Laura J. Martin, MD
Since Kathleen Huggins was diagnosed with lung cancer last November, doctors have been working hard to try to cure her. Surgeons removed part of her lung and soon she'll begin chemotherapy.
But the 56-year-old New York City resident also benefits from a new type of medical specialty called palliative care. It has its own distinct mission: to relieve suffering and improve quality of life for people with serious illnesses.
For example, Huggins had a large, painful surgical incision in her torso. Her palliative care doctor made sure the pain was managed properly.
"They would constantly ask me what my pain level was and adjust my medication to what I needed to make me comfortable," Huggins tells WebMD.
In the days before surgery, she had prepared spiritually by talking to a rabbi -- a member of her palliative care team. Then right before doctors took her to the operating room, that same rabbi appeared at her bedside.
"She sat there with me the whole time and just held my hand," Huggins says.
A social worker -- also on the palliative care team -- now is helping her with practical matters: obtaining a wig before she loses her hair and arranging transportation for chemotherapy sessions.
Twice each week, she meets with a counselor. This team member helps her to deal with the intense emotions that come with having cancer.
Say "palliative care" and most people imagine cancer patients being made comfortable in an end-of-life hospice setting.
But palliative care is actually a new medical specialty that has emerged in the last decade -- and no, it's not the same as hospice. It doesn't serve only the dying. Instead, it focuses more broadly on improving life and providing comfort to people of all ages with serious, chronic, and life-threatening illnesses.
These diseases may include cancer, congestive heart failure, kidney failure, chronic obstructive pulmonary disease, AIDS, and Alzheimer's, among others. "It's the whole spectrum, really," says Joseph Chan, MD, a palliative care physician in Fort Smith, Ark.
"The vast majority of America's medical schools have palliative care programs and are teaching medical students and residents about palliative care. That didn't occur 10 years ago. There was literally no education occurring on the topic," says Diane Meier, MD, director of the Center to Advance Palliative Care at Mount Sinai School of Medicine in New York City.
Currently, there are more than 1,400 hospital palliative care programs in the U.S., according to Meier. About 80% of large U.S. hospitals with more than 300 beds have a palliative care program, she says. Among smaller hospitals with more than 50 beds, about 55% have programs.

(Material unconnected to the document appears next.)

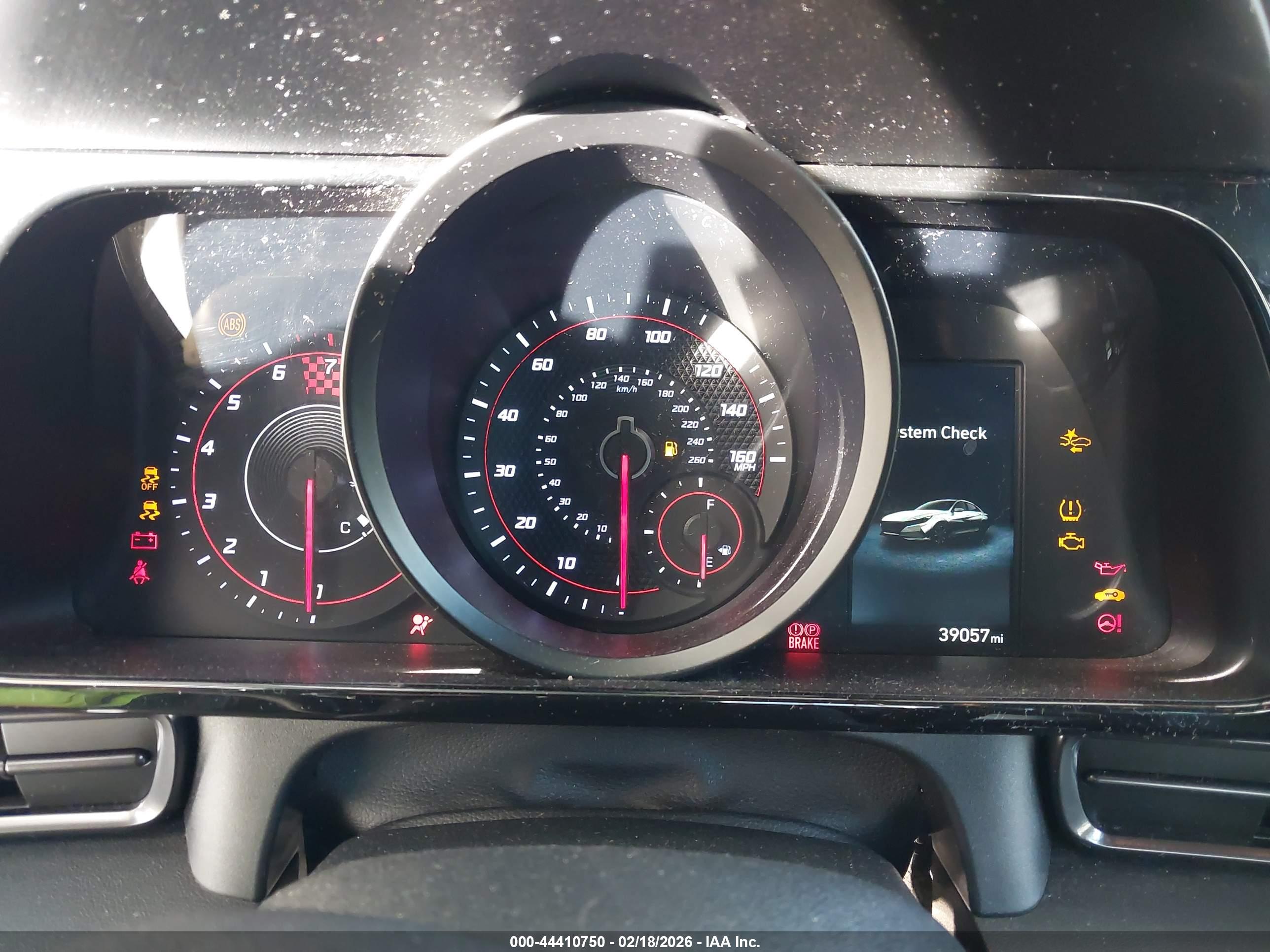HYUNDAI ELANTRA image 7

Typically, a palliative care team includes a physician, nurse, and social worker, Meier says. But it often involves a chaplain, psychologist or psychiatrist, physical or occupational therapist, dietitian, and others, depending on the patient's needs.
Patients like Huggins can begin palliative care as soon as they're diagnosed with a serious illness, at the same time they continue to pursue a cure. Palliative care doesn't signal that a person has given up hope for a recovery.
Some patients recover and move out of palliative care. Others with chronic diseases, such as COPD, may move in and out of palliative care as the need arises.
If cure of a life-threatening disease proves elusive, palliative care can improve the quality of patients' lives. And when death draws near, palliative care can segue into hospice care.
When it comes to quality of life, each patient has his or her own vision.
"Each suffering is unique. Each individual is unique, and each family and the dynamics are unique," Chan says.
"There is no generalization and that's the key," Meier says. "Palliative care is genuinely patient-centered, meaning: We ask the patient what's important to them and what their major priorities are. Based on what the patients or the family tell us, we then develop a care plan and a strategy that meets the patient's goals and values."
For some people, Meier says, the goal or value might be to live as long as possible -- no matter what the quality.
"Maybe one in 10 to one in 20 patients don't care if they're on a ventilator and on dialysis for the rest of their life. They're waiting for a miracle and that's what they want," she says. "They understand the odds and that's their choice. And then we will do everything in our power to make sure that their goals are respected and adhered to."
But some patients, such as Merijane Block, care more about the quality of each day. The 57-year-old San Francisco woman was diagnosed at age 38 with breast cancer that has spread to her spine.
"My hope [is] to live as well as I can for as long as I can. Actually, for me, the emphasis is on the wellness. The length of my life has ceased to be as important as it used to be before I was diagnosed with cancer. I always wanted to live to be 100 when I was young and innocent -- like the year before I was diagnosed," she says.
Block's palliative care doctor prescribes a medicated patch for chronic spinal pain that would be debilitating otherwise.
"I have pain all the time, but I'm not living in this state of agonizing pain because my pain is actually well managed," she says.
Although pain management is a major part of palliative care, patients can also seek help with other symptoms such as nausea, loss of appetite, fatigue, constipation, shortness of breath, and trouble sleeping.
Like Huggins, people who face serious illness often need emotional and spiritual support.
Beverly, a 55-year-old San Francisco Bay Area woman who requested that her last name be withheld, was diagnosed with bladder cancer at age 37 and has had multiple recurrences. She felt outraged as she worried that her illness might have been preventable; she believes it may have stemmed from textile dyes that she had used frequently without knowing of their cancer-causing potential.
She resents the pressure to be an upbeat cancer warrior.
"[Cancer] is not a gift. This is the worst thing that's ever happened to me," Beverly says.
Her family and friends urged her to be positive. But when a social worker allowed her to vent her anger, she began to cope with her powerful emotions. "I felt that compassion from her. I got to be a whole person in her eyes," Beverly says.
Palliative care is holistic. For patients, this means attending to the challenges that illness poses in every aspect of life. It also means that palliative care extends to family members and caregivers. Support services may include:
But flexibility is important. Meier recalls one patient, a 24-year-old woman who developed acute leukemia. She had intense bone pain, severe shortness of breath, panic attacks, anxiety, and a large, devastated family with one sibling who was a substance abuser. As a result, nobody in the family wanted her to have any pain medicine.
"You get this sense of how complex and intense the palliative care needs were for this young woman," Meier says. "Frankly, I don't think she would have gotten through her treatment at all had she not had expert treatment of her pain, her shortness of breath, her anxiety, and a tremendous amount of counseling and support for her family."
When faced with serious illness, some patients yearn for reconciliation with an estranged spouse or child, Chan says. Social workers will attempt to contact the person at the patient's request.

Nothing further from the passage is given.